A Python library for detecting code similarities and duplications across files and directories. Enhanced with Python 3.13 compatibility and modern packaging standards.
- Library & CLI: Use as a Python library or command-line tool
- Multiple Formats: Support for JSON, CSV, and human-readable output
- Flexible Analysis: Analyze directories, specific files, or entire projects
- Modern Python: Full support for Python 3.8+ including Python 3.13
- Quality Assurance: Perfect for CI/CD pipelines and code quality gates
- Flext Integration: Designed for seamless integration with Flext projects
pip install git+https://github.com/flext-sh/duplicate-code-detection-tool.git
pip install duplicate-code-detection-tool
from duplicate_code_tool import DuplicateCodeDetector
# Create detector with custom settings
detector = DuplicateCodeDetector(
fail_threshold=80, # Fail if any duplication >80%
ignore_threshold=15, # Ignore duplications <15%
file_extensions=["py"], # Analyze Python files only
only_code=True, # Remove comments and docstrings
show_loc=True, # Include line count information
)
# Analyze a project
result = detector.analyze_project(
project_path=".",
exclude_patterns=["tests/", "docs/", ".git/"]
)
# Check results
if result.has_duplications():
print(f"Found {len(result.reports)} files with duplications")
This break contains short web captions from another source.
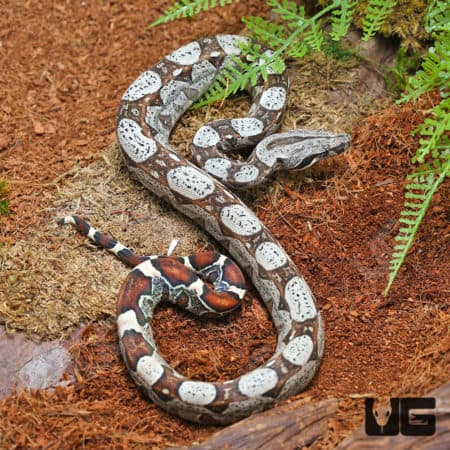 Male Circle Back Pos. Jungle Redtail Boa (Boa constrictor imperator) For Sale - Underground Reptiles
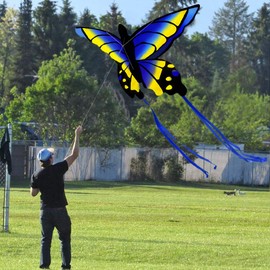 HENGDA KITE for Kids and Adults Amazing Colorful Butterfly Kite for Outdoor Games and Activities Single Line Kite with Flying Tools (Blue)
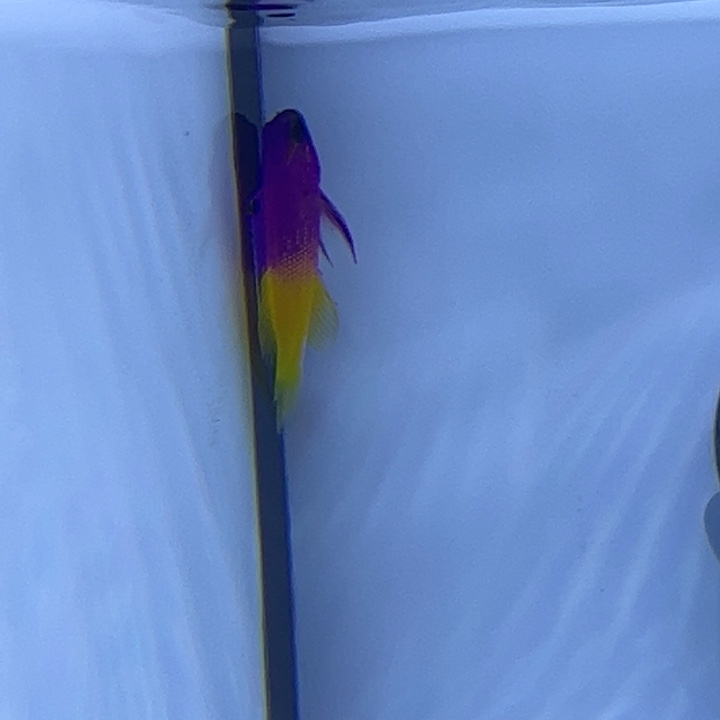 海水鱼美国鬼王4.5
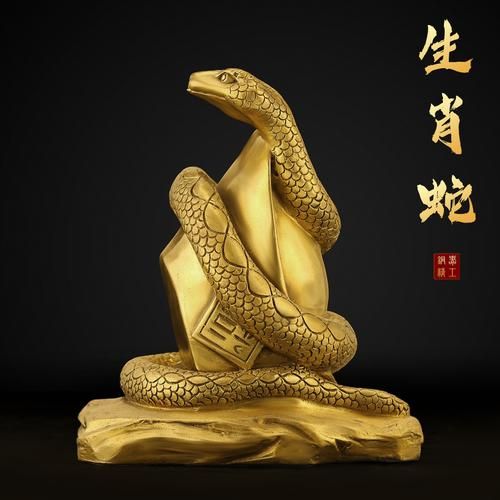 属蛇什么生肖属相（属蛇的生肖是什么）
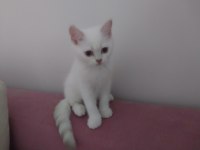 Tatlı yavrularım yeni ailelerine kavuşmak için hazir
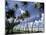 View of Manzanilla Bay, Port of Spain, Trinidad, Caribbean-Greg Johnston-Mounted Photographic Print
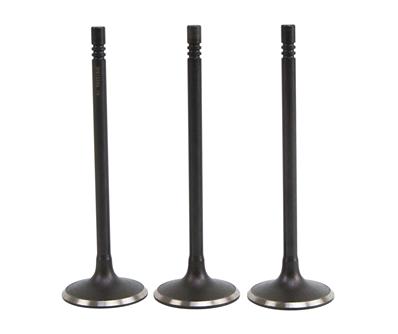 Kit 3 Válvula de Admissão - Frontier - 78261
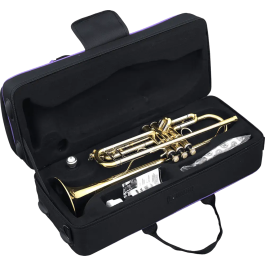 SML Trompeta Sib Tp500 Latón Lacado Tonalidad Sib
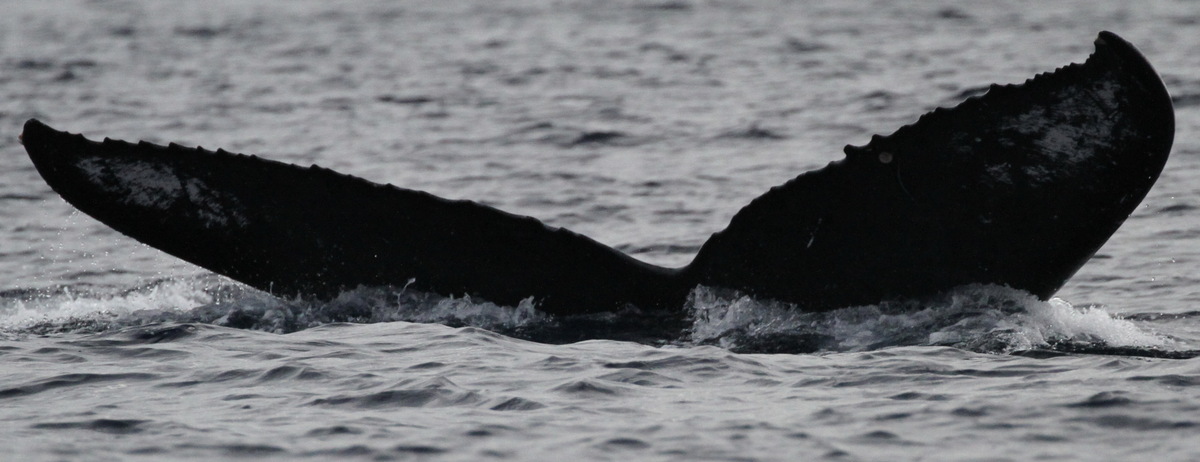 Fluke of BCY0005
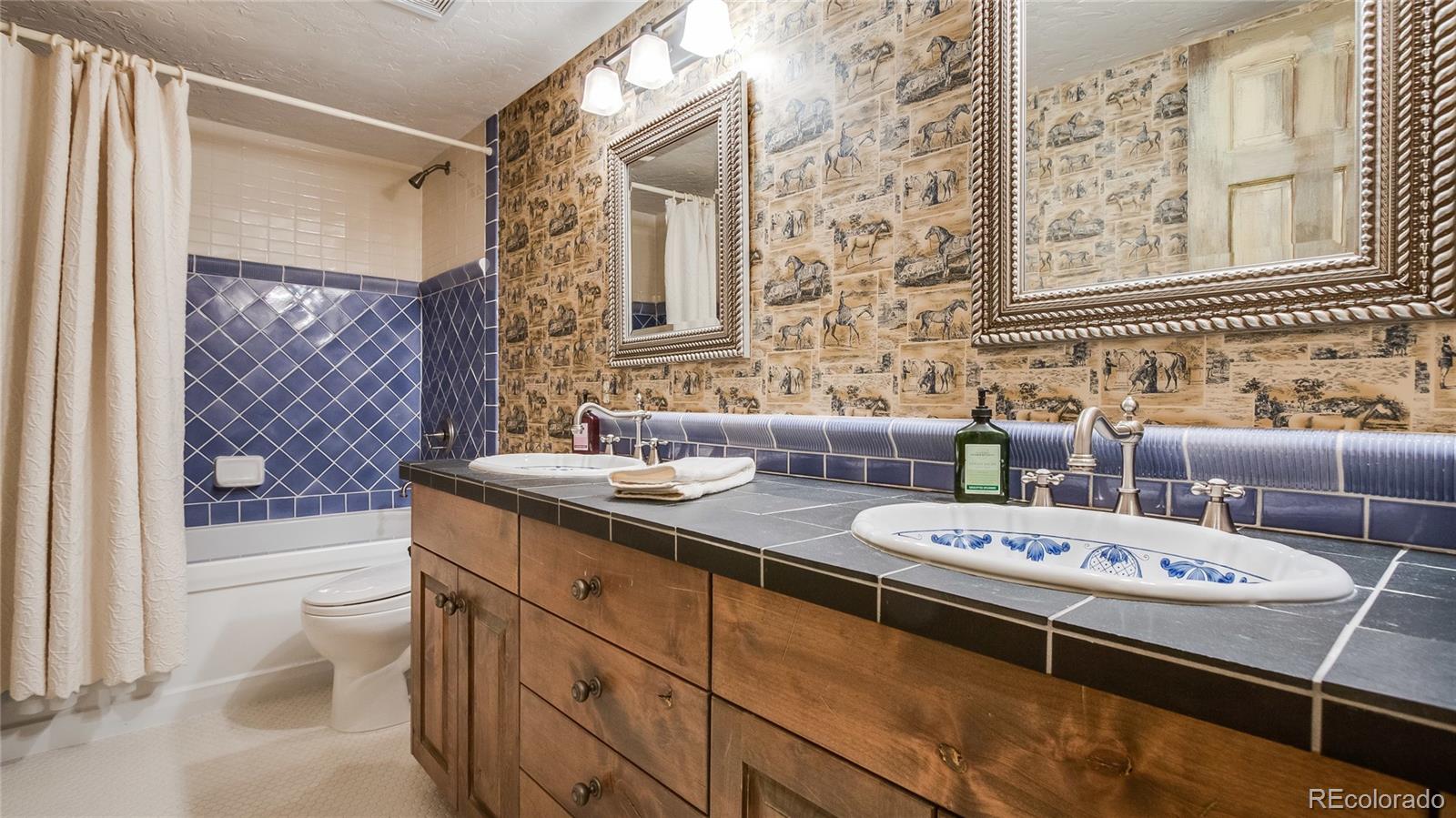 5178 South Elk Ridge Road Evergreen, CO 80439 - Photo 24 of 35 Gallery Image 24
# Get critical duplications
critical = result.get_critical_duplications(threshold=50.0)
for dup in critical:
print(f"🚨 {dup.source_file} ↔ {dup.target_file} ({dup.similarity_percentage:.1f}%)")
from duplicate_code_tool import analyze_project_duplicates
# Simple project analysis
result = analyze_project_duplicates(
project_path=".",
threshold=20.0,
exclude_patterns=["tests/", "docs/"]
)
print(f"Success: {result.is_success()}")
print(f"Duplications found: {result.has_duplications()}")
# Analyze directories
duplicate-code-detection -d src/ lib/ --ignore-threshold 15
# Analyze specific files
duplicate-code-detection -f file1.py file2.py file3.py
# JSON output for CI/CD
duplicate-code-detection -d src/ -j --fail-threshold 80
# CSV output
duplicate-code-detection -d src/ --csv-output report.csv --show-loc
from duplicate_code_tool import DuplicateCodeDetector
import sys
def check_code_quality():
"""Quality gate for Flext CI/CD pipeline."""
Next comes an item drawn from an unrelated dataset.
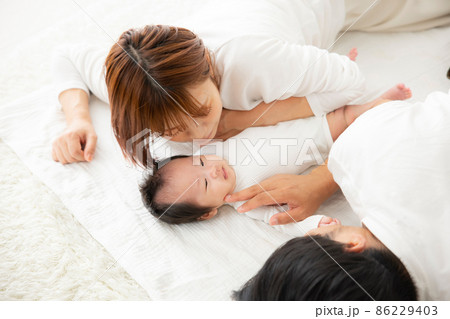 ファミリー　 86229403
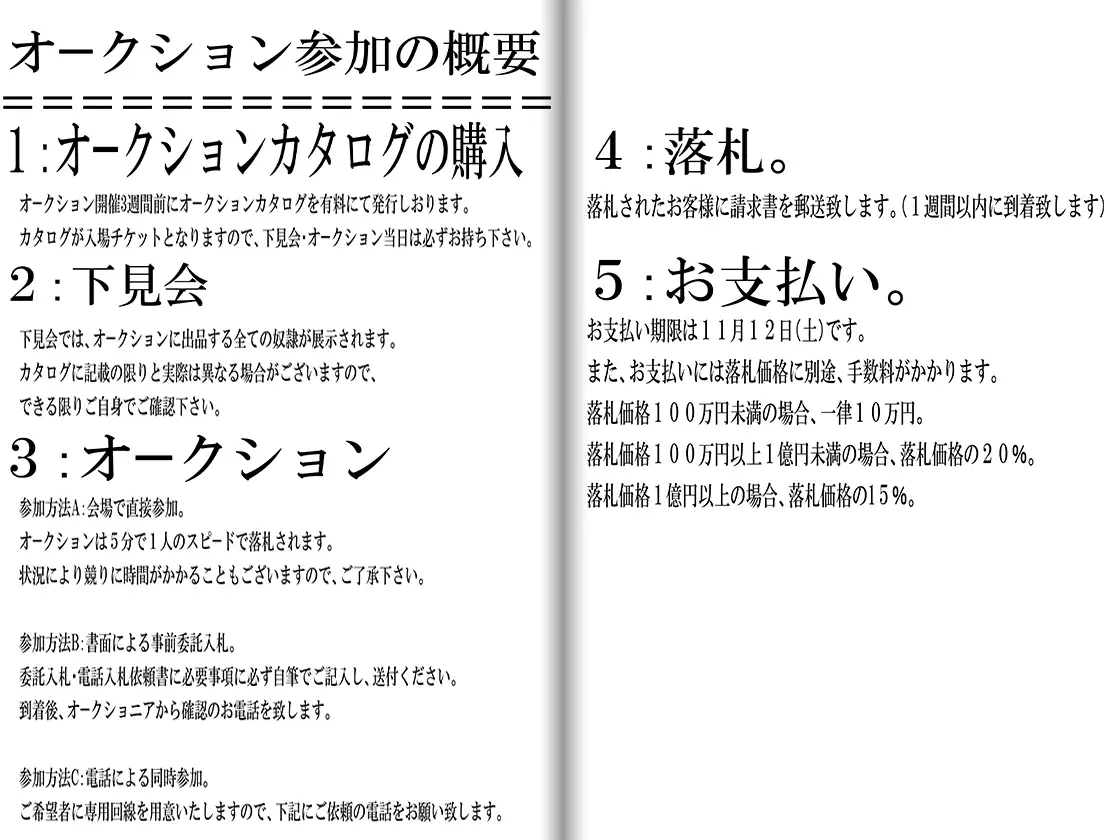 TSマゾ奴●オークション カタログ 4ページ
detector = DuplicateCodeDetector(
fail_threshold=70, # Fail if any duplication >70%
ignore_threshold=20, # Ignore duplications <20%
file_extensions=["py", "js", "ts"],
only_code=True,
)
# Analyze Flext modules
result = detector.detect_in_directories([
"flext-core/src",
"flext-ldap/src",
"flext-grpc/src",
], ignore_directories=["tests/", "__pycache__/"])
if not result.is_success():
print("❌ Code duplication threshold exceeded!")
for dup in result.get_critical_duplications(50.0):
print(f" {dup.source_file} ↔ {dup.target_file}")
sys.exit(1)
print("✅ Code quality check passed!")
if __name__ == "__main__":
check_code_quality()
#!/usr/bin/env python3
"""Pre-commit hook for duplicate code detection."""
import sys
from pathlib import Path
from duplicate_code_tool import DuplicateCodeDetector
def main():
# Get staged files
staged_files = sys.argv[1:] if len(sys.argv) > 1 else []
if not staged_files:
return 0
# Filter Python files
python_files = [f for f in staged_files if f.endswith('.py')]
if not python_files:
return 0
# Check for duplications
detector = DuplicateCodeDetector(
fail_threshold=100, # Don't fail, just warn
ignore_threshold=30, # Only report significant duplications
only_code=True,
)
result = detector.detect_in_files(python_files)
if result.has_duplications():
print("⚠️ Potential code duplications detected:")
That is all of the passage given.